GMOフィナンシャルHD、暗号資産事業は堅調もタイ証券事業の貸倒引当金繰入額計上で減益 全力で債権回収を推進
タイ証券事業|貸倒引当金繰入額の追加計上・特別損失の計上
石村富隆氏:本日はお忙しい中、決算説明会にご参加いただき誠にありがとうございます。代表執行役社長の石村です。2024年12月期第2四半期の決算についてご説明します。
タイ証券事業の貸倒引当金繰入額の追加計上・特別損失の計上です。第2四半期に大きな繰り入れがありましたので、ご報告します。4月から6月の貸倒引当金繰入額の追加計上は45億円となりました。
理由はスライドに記載のとおり、信用取引サービスの提供に際して、お客さまから担保として差し入れを受けている複数の代用有価証券及び不良債権化した貸付金の担保株式の株価が大幅に下落しました。個別に債権の回収可能性を検討し、回収不能見込額を45億円計上しています。

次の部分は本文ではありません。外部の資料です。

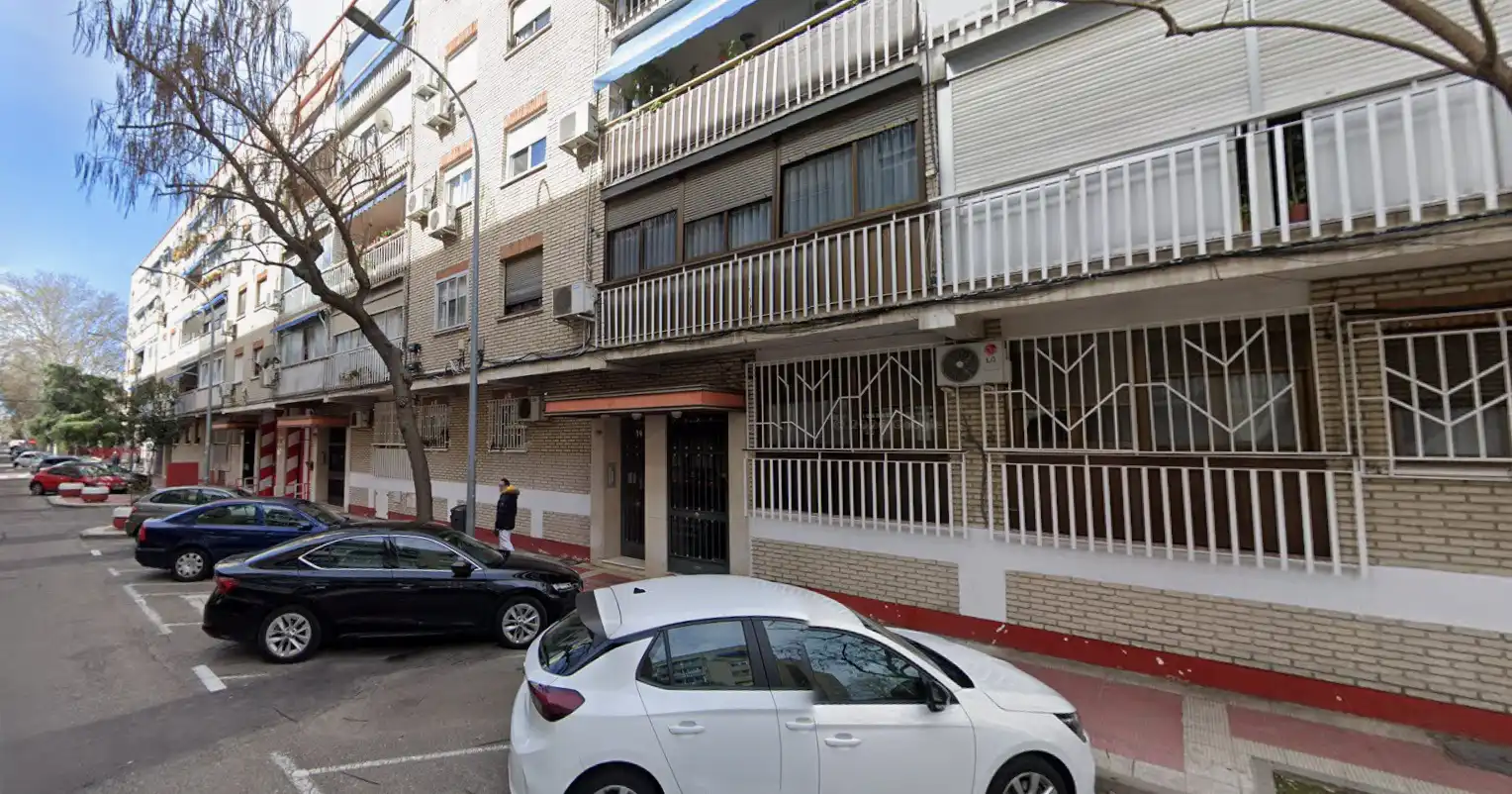 Vista exterior de Casa o chalet en venta en Parla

スライド右側の特別損失も計上しており、4月から6月で1億7,000万円という金額になっています。理由は、以前タイの子会社が債権額を確定させるために取得した担保株式の時価が、取得価額に比べて著しく下落したため、減損処理による投資有価証券評価損を計上しています。

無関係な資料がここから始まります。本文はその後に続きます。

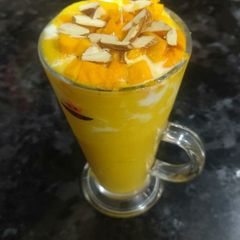 A picture of Mango mastani.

2024年6月末現在の保有株残高は約1億8,000万円になっています。
タイ証券事業|信用取引・不良債権残高の推移
タイ証券事業の信用取引・不良債権残高の推移です。大きな方針として、2024年12月に信用取引サービスを終了することを決定しています。終了に向けて、債権回収を全力で推進していく所存です。
残高については、スライドのグラフのとおりです。2022年12月期第3四半期にピークになった頃から、今は不良債権残高が158億2,000万円、信用取引貸付金残高が228億3,000万円となっています。
スライド右側にブレイクダウンを記載していますが、不良債権に係る残余リスクとしては、不良債権に関して担保が一部ありますが、この中で担保による保全額34億5,000万円が最大のリスク額となります。なお、すでに引き当てている金額は123億7,000万円です。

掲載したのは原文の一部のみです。